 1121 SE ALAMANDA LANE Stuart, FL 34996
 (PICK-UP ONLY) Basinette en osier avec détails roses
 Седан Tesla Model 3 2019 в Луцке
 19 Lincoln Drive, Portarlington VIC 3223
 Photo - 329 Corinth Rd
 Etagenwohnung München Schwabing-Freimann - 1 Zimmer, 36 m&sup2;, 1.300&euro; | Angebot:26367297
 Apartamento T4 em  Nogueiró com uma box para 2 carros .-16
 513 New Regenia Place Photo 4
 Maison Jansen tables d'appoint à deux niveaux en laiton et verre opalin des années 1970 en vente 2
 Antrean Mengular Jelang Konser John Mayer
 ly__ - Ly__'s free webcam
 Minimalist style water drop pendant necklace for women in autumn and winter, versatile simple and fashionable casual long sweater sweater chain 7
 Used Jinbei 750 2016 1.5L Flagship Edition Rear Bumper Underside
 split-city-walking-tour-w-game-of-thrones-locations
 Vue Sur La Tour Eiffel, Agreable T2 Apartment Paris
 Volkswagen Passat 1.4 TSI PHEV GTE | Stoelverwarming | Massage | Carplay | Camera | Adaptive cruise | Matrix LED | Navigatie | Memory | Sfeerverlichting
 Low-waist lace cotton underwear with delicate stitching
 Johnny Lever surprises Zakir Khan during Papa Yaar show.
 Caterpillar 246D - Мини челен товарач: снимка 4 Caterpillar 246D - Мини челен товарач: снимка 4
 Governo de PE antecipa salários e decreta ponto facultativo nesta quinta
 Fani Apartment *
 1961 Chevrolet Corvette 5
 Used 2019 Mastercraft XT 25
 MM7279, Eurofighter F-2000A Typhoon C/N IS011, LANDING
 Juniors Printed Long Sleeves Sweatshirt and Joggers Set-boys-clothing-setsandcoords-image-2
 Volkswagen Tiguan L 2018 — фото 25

══════════

WORK REQUIRED: Would you output, from the records above, exactly the run of lines that starts at the line containing "Maison Jansen tables" and ends at the line containing "Used Jinbei 750", and only that run?

ANSWER BOX:
 Maison Jansen tables d'appoint à deux niveaux en laiton et verre opalin des années 1970 en vente 2
 Antrean Mengular Jelang Konser John Mayer
 ly__ - Ly__'s free webcam
 Minimalist style water drop pendant necklace for women in autumn and winter, versatile simple and fashionable casual long sweater sweater chain 7
 Used Jinbei 750 2016 1.5L Flagship Edition Rear Bumper Underside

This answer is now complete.